External DNS provider update design and intent API

This section covers the design for how external DNS records are updated.

Create DNS Provider Intent

When instantiating a distributed app with user facing microservices, the Traffic Control Intent Set includes information to indicate the set of external DNS servers which should be updated with appropriate DNS records.  At the Project level, DNS Update Records are supplied to identify the type of DNS Provider to be updated along with a set of parameters required to perform the DNS record update.  The 'external-dns' package is used to perform DNS update to a selected set of DNS providers.  After the DNS Update  Records have been created, they can be associated with specific logical clouds or clusters utilizing the Key Value pair feature of those APIs.

Each instance of a DNS Update Record has a unique name within the Project and is created and managed by the Traffic Controller API.  The record will contain all of the parameters needed to invoke 'external-dns' for that specific provider. 

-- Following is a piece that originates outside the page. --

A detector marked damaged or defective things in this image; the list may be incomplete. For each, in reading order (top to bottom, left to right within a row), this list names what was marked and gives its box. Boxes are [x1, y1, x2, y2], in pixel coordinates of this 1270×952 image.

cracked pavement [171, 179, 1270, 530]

The following example illustrates the DNS Update Record API. 

DNS Update Record API
URL: /v2/project/{project-name}/dns-update-records/ POST BODY: { "metadata": { "name": "name_of_dns_information_record", "description": "description of the DNS information", "userdata1": "some user data", "userdata2": "some different user data" }, "spec": { "provider": "coredns", "external-dns-parameters": { "oneOf": [ ## schema-like (array structure not in body) - one of the following is selected to match the 'provider' - e.g. 'coredns' in this case { "aws-zone-type": "public", "aws-zone-tags": "zone tags", "aws-assume-role": "arn:aws:iam::123455567:role/external-dns", "aws-batch-change-size": 1000, "aws-batch-change-interval": "1s", "aws-evaluate-target-health": true, "no-aws-evaluate-target-health": true, "aws-api-retries": 3, "aws-prefer-cname": true }, { "azure-config-file": "/etc/kubernetes/azure.json", "azure-resource-group": "resource group", "azure-subscription-id": "subscription id", "azure-user-assigned-identity-client-id": "client id" }, { "coredns-prefix": "skydns" }, { "rfc2136-host": "host.sample.com", "rfc2136-zone": "", "rfc2136-insecure": false, "rfc2136-tsig-keyname": "tsig key", "rfc2136-tsig-secret": "tsig secret", "rfc2136-tsig-secret-alg": "tsig secret alg", "rfc2136-tsig-axfr": "axfr", "request-timeout": "30s" } ], "contour-load-balancer": "heptio-contour/contour", ## from here on, possible parameters used by external-dns - not all required "fqdn-template": "template", "combine-fqdn-annotation": true, "ignore-hostname-annotation": true, "compatibility": "mate", "publish-internal-services": true, "publish-host-ip": true, "service-type-filter": "all", "domain-filter": "example.com", "exclude-domains": "example.com", "zone-id-filter": "zone filter", "tls-ca": "tls ca path", "tls-client-cert": "tls client cert path", "tls-client-cert-key": "tls client cert key path", "policy": "sync", "registry": "txt", "txt-owner-id": "default", "txt-prefix": "custom string", "txt-cache-interval": "30s", "interval": "30s", "once": true, "dry-run": true, "log-format": "text", "metrics-address": ":7979", "log-level": "info" } } }

The following shows an OpenAPI component definition of the above DNS Update Record structure (note: in progress).  Parameters with descriptions are shown in more detail.  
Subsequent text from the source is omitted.